Startup der Woche 17

Intelligente Lösungen für Energieversorgungsunternehmen

e·pilot ist das Startup der Woche 17: Intelligente Lösungen für Energieversorgungsunternehmen

Die Lieberalisierung des Marktes sowie stark veränderte Kundenbedürfnisse und Erwartungen stellen große Hürden für Energieversorgungsunternehmen dar. Unser Startup der Woche, e·pilot hat es sich zur Aufgabe gemacht, EVU in eine digitale Energieproduktwelt zu begleiten. Was dahinter steckt, erklärt uns CEO Michel Nicolai im Interview.

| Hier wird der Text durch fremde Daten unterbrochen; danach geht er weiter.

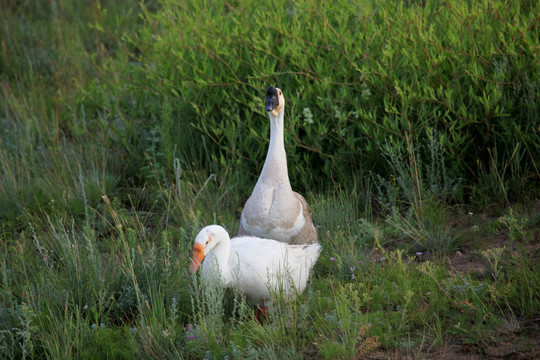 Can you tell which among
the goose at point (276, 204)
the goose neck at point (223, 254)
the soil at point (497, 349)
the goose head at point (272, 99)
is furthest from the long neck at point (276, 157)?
the soil at point (497, 349)

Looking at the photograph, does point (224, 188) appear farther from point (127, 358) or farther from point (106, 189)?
point (127, 358)

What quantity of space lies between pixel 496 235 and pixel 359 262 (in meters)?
1.34

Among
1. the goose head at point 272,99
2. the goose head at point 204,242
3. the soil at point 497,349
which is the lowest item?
the soil at point 497,349

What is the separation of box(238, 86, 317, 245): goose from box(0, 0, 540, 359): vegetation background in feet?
1.26

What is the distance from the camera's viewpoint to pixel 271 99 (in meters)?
4.45

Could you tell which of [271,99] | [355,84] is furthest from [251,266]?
[355,84]

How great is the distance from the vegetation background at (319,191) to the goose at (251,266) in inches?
6.3

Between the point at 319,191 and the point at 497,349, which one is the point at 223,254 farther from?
the point at 319,191

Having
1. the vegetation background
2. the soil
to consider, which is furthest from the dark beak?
the soil

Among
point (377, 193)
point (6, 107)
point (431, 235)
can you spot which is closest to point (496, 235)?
point (431, 235)

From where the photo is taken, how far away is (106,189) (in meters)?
6.07

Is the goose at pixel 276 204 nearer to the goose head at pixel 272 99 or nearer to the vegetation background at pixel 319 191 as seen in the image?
the goose head at pixel 272 99

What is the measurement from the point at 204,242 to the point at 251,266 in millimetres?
394

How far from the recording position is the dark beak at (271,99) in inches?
175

Hey Michel, wir freuen uns, mehr über euer Startup zu erfahren! Könntest du uns e·pilot zum Einstieg mal in einem Satz vorstellen?
Gerne! e·pilot ist eine reine Tech-Company und bietet EVU eine leistungsfähige End-to-End-Cloud für die Vermarktung, Steuerung, Abwicklung und Abrechnung ihrer Energieprodukte an.
Das kingt interessant! Wie kann ich mir die Cloud Lösung in diesem Kontext vorstellen?
Mit der e·pilot Cloud ist es möglich, die Vermarktung, Steuerung und Abwicklung von Energieprodukten vollständig zu digitalisieren und in effizienten Prozessen zu organisieren – und damit die Entwicklungszeiten von Innovationen radikal zu reduzieren. Wichtiger Baustein ist die Zusammenarbeit aller Marktpartner: e·pilot bietet innerhalb der Cloudwelt ein großes Netzwerk aus Partnern, welches durch die Community ständig erweitert wird.
Unternehmensvideo

Szilard Toth - CTO auf der Ecosummit Berlin 2018

Cloudbasierte Services gibt es ja schon viele. Wie schafft ihr es also, in diesem Bereich neue Mehrwerte zu schaffen?
Wir kommen aus der E-Commerce-Welt. Daher denken wir in Webshop-Logiken und stellen Produkte kombinierter dar. Unser Ansatz ist es, die bisher vorherrschende Single-Solution-Vermarktung in Produktwelten zusammenzubringen. Und das auf revolutionäre Weise, weil wir den Endkunden mit wenigen, einfachen Fragen an die komplexen Produkte der EVU heranführen – und das im Look des jeweiligen Versorgers: Unsere Frontends für einzelne Produkte oder Kombinationen bzw. Bundles können problemlos in die eigene Webwelt integriert und an das Corporate Design eingepasst, nachträglich optimiert oder verändert werden.
In einem Netzwerkt sind häufig sehr unterschiedliche Akteure vertreten. Wie gestaltet ihr denn die jeweiligen Geschäftsmodelle?
Wir möchten möglichst viele EVU und ihre Partner in der e·pilot Cloud zusammenbringen. Partnerunternehmen wie Handwerksbetriebe sind daher kostenlos auf e·pilot vertreten. Kleinere EVU starten mit monatlich 100 Euro.
Okay! Wie könnte ein interessiertes EVU denn mit euch zusammenarbeiten?
Als EVU geht das ganz einfach durch eine Lizensierung einzelner Produkte auf unserer e·pilot Cloud. Alle Energieversorgungsunternehmen, kleine Stadtwerke genauso wie die großen Player, und ihre Partnerunternehmen.
Alles klar! Dann kommen wir auch schon zur letzten Frage: Wo steht ihr gerade in der Entwicklung eurer Cloud?
Aktuell werden bereits die Produkte Solar, Speicher, Ladeinfrastruktur, Gasheizung und Strom (Normal- oder Flatrate-Tarif) in der e·pilot Cloud angeboten. Sie können auch als stimmige Produktwelt kombiniert werden. Zudem sind die Themen Breitband und Hausanschluss in Bearbeitung, bis Ende des Jahres sollen insgesamt 20 bis 30 Produkte angeboten werden. Zusätzlich soll die Cloud in den nächsten Monaten auch das Thema Billing unterstützen. Für Endkunden arbeiten wir zusätzlich an einem Endkundenportal, das im dritten Quartal 2018 veröffentlicht werden soll.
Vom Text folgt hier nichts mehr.